**What the task requires:**
In the entries that follow, the lines from the one with "Image 4 : 2026 KENWORTH T880 Roll Off Truck" through the one with "139 Montgomery Road, Weston, West" are the ones to write out, exactly and with both ends included. Nothing else should appear.

**Material provided:**
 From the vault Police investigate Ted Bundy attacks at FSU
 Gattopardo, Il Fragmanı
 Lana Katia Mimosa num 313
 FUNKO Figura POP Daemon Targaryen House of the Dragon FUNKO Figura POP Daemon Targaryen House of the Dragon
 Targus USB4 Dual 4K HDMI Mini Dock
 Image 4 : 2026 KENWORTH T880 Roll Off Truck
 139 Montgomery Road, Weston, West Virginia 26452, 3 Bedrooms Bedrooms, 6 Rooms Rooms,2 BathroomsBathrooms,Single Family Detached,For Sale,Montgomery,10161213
--
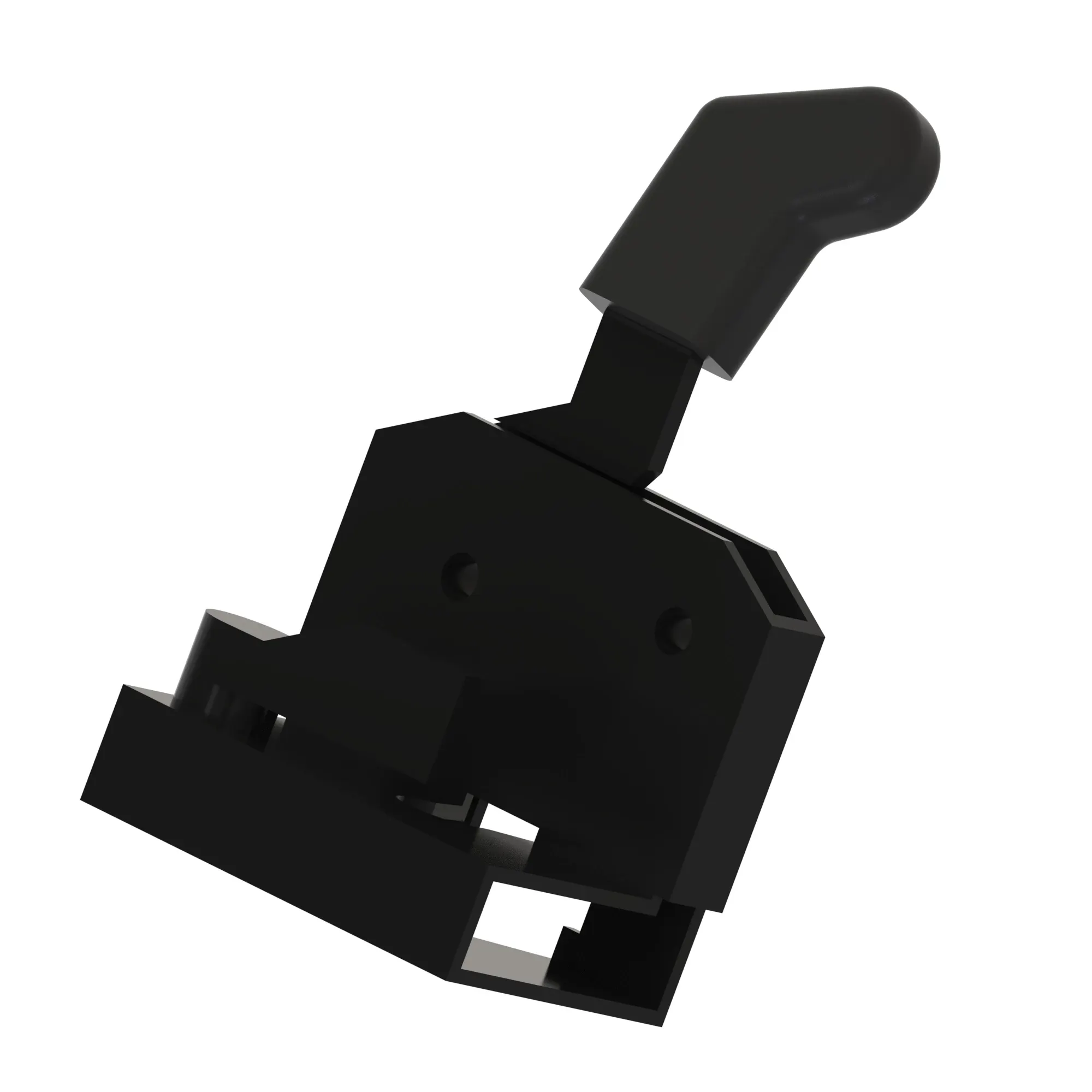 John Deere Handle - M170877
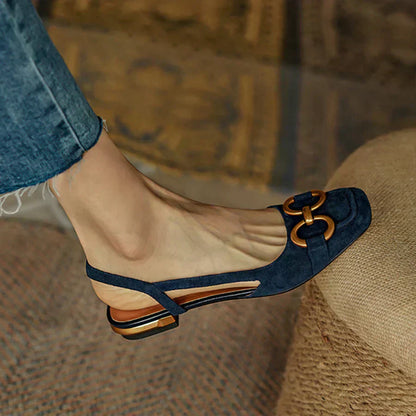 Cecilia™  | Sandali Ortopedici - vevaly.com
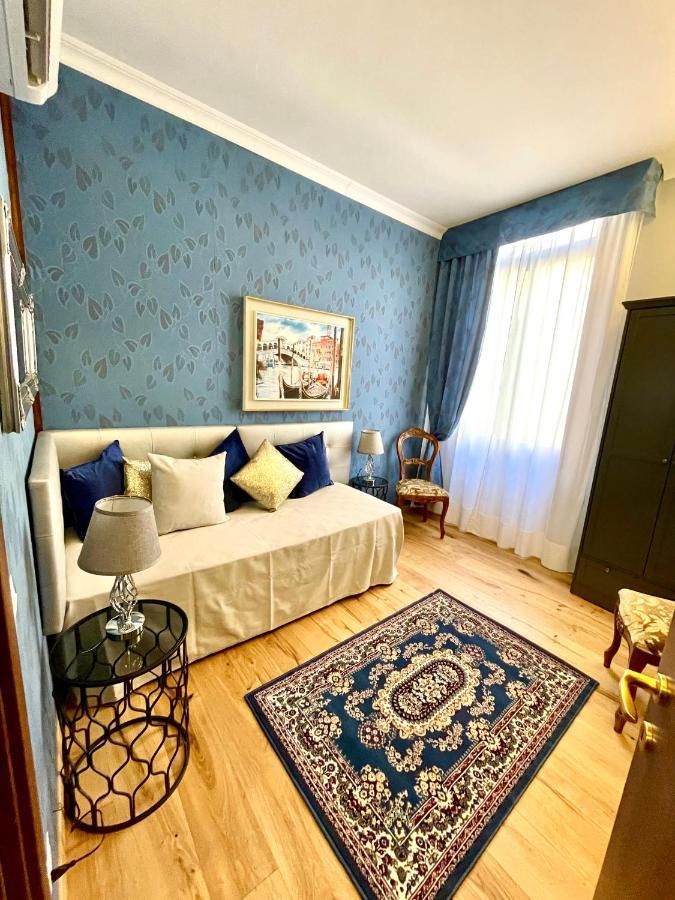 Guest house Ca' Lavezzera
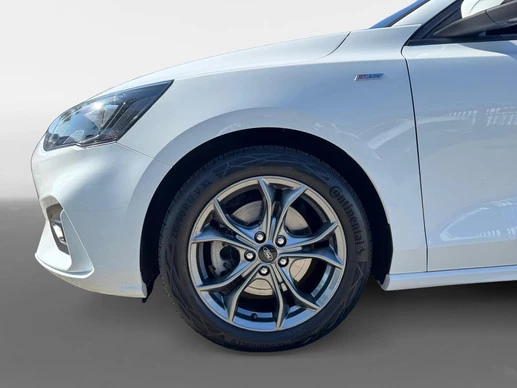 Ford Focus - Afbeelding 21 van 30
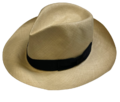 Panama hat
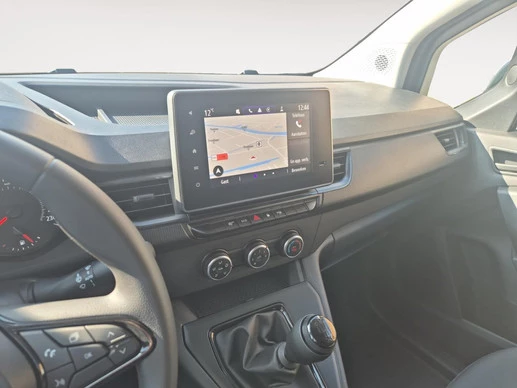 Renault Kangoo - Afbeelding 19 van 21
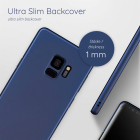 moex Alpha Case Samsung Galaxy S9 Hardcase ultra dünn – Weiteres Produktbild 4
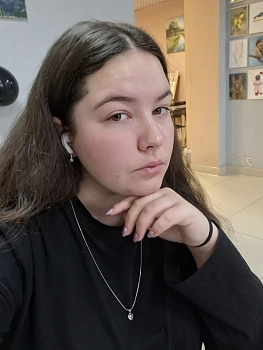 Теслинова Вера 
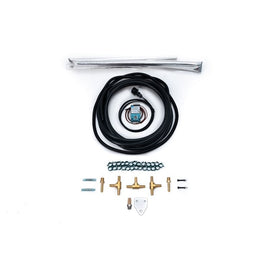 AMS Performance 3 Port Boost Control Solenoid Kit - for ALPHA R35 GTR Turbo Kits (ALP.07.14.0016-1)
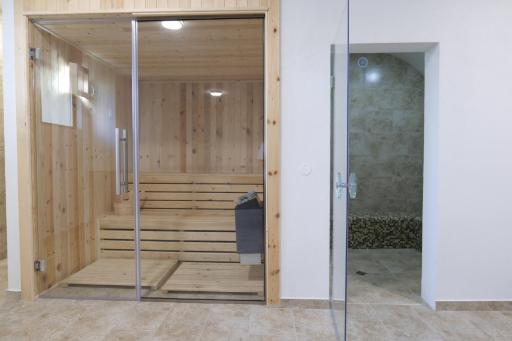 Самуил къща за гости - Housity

**Answer space:**
 Image 4 : 2026 KENWORTH T880 Roll Off Truck
 139 Montgomery Road, Weston, West Virginia 26452, 3 Bedrooms Bedrooms, 6 Rooms Rooms,2 BathroomsBathrooms,Single Family Detached,For Sale,Montgomery,10161213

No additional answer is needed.